On behalf of the Annual Review of Financial Economics, Tetlock is currently working on a literature review that will discuss new methods for measuring investors' information sets. The paper will explore passive means of information gathering by investors, including newspapers, press releases, and 10-Ks, as well as active channels, such as investor Internet searches and the use of social networking sites like Facebook and Twitter.
Philip H. Geier Jr. Associate Professor of Business
PhD, MSc, Stanford University
BSc, Israel Institute of Technology
Professor Oded Netzer's research aims to develop quantitative methods to gain a deeper understanding of customer behavior while guiding managerial decisions. Capitalizing on the data-rich environment of the twenty-first century, he works to leverage data more effectively in order to address pressing business problems. During the 2011-2012 academic year, the George S. Eccles Research Award in Finance and Economics helped Netzer to pursue two research projects that are generating meaningful knowledge from a wealth of data. These projects are not only garnering valuable insights about consumer behavior, they are also helping to develop tools for the world of marketing research.
As the world's largest professional social network, LinkedIn connects over 175 million individuals around the globe.

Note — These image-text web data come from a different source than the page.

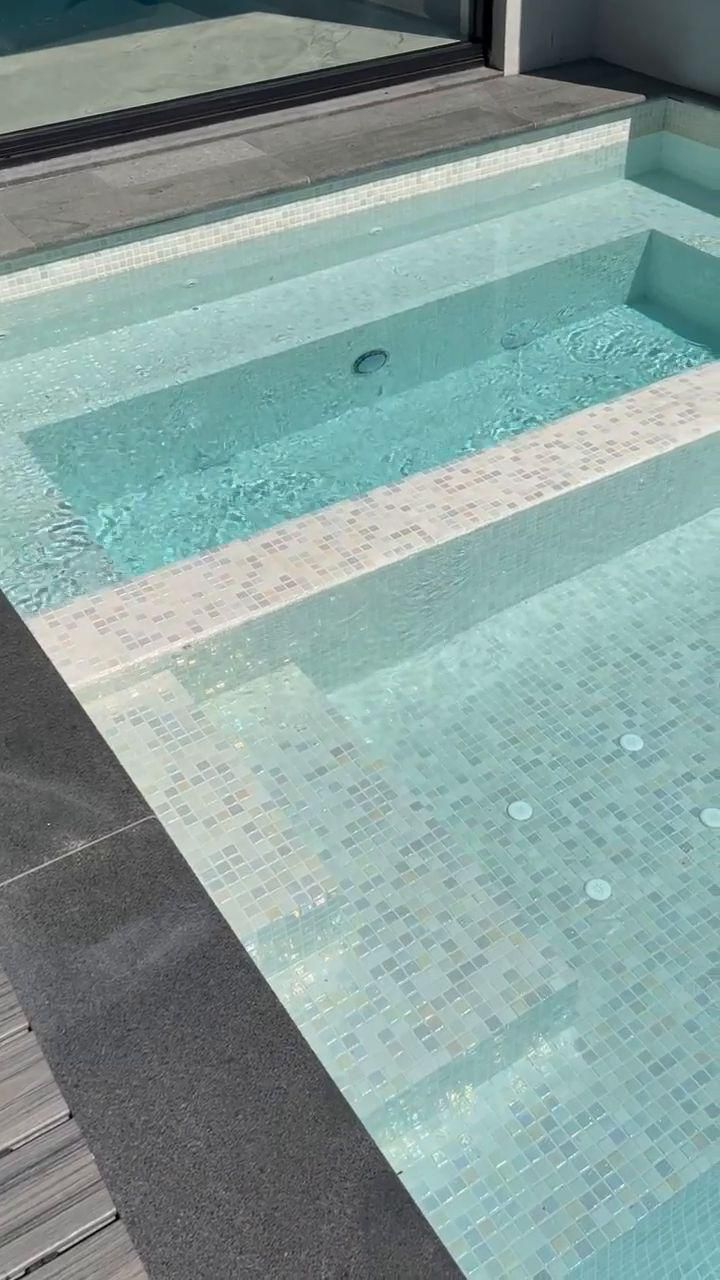 Mosaic thủy tinh cho hồ bơi – ảnh tham khảo 17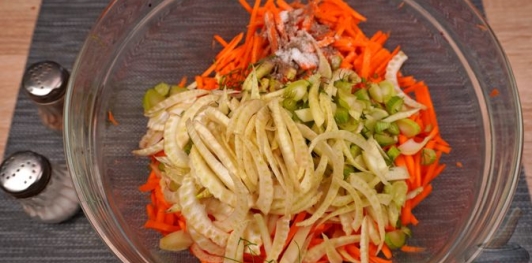 Морковный салат с фенхелем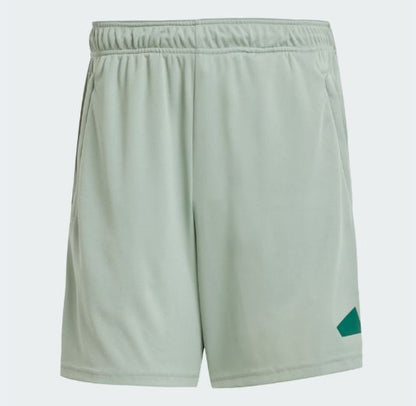 Shorts Train Essentials Logo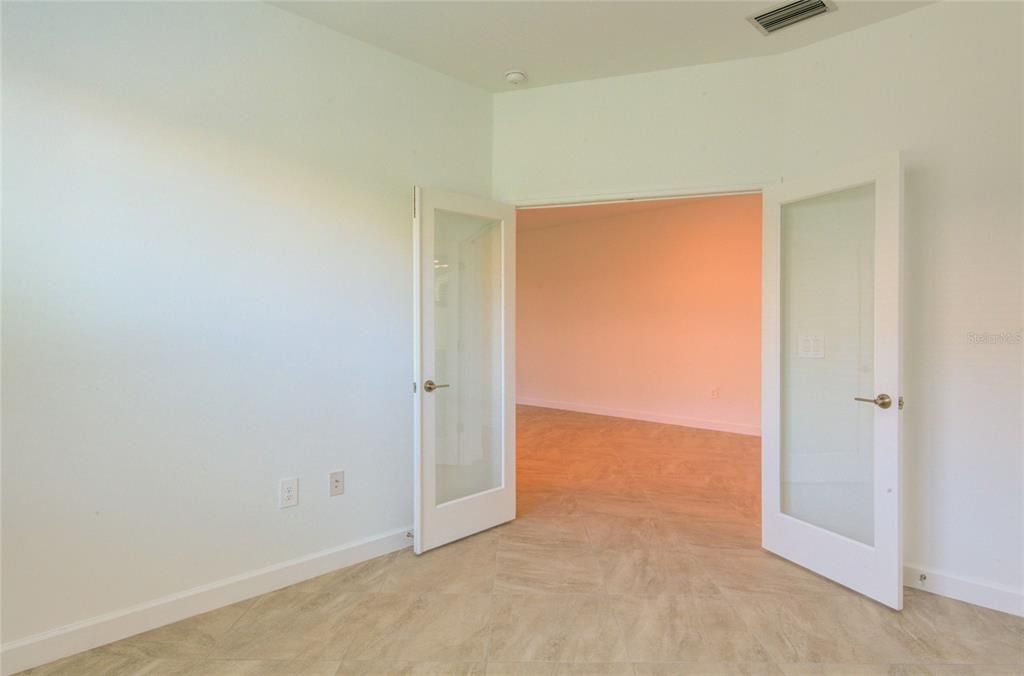 For Rent: $2,750 (3 beds, 2 baths, 1564 Square Feet)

The majority of LinkedIn's revenue comes from providing job search solutions, which relies on the company's ability to identify and target job seekers. However, few job seekers will publicly announce that they are searching for a job, posing a major challenge to LinkedIn's efforts increase its revenue stream.
Using a large-scale dataset from LinkedIn, Netzer and his co-author are working to identify job seekers by observing the ways in which they utilize the LinkedIn website. Leveraging his expertise in uncovering customers' latent states, Netzer is able to predict which customers are looking for jobs by examining their online behavior.
Using unstructured textual data from loan applications in a peer-to-peer micro-lending website, Netzer is trying to predict which applicants are likely to receive a loan and which are likely to default on their loans. His work has demonstrated that examining the language used in applications can help predict whether or not customers will receive the loan and default on the loan over and beyond traditional economic measures like credit ratings.
This research could provide firms with additional tools to weed out applicants likely to default, helping them to increase their profits and better target potential customers. In addition, Netzer's findings could help create more effective loan applications by offering strategies for wording questions in ways that generate more useful — and more predictive — answers.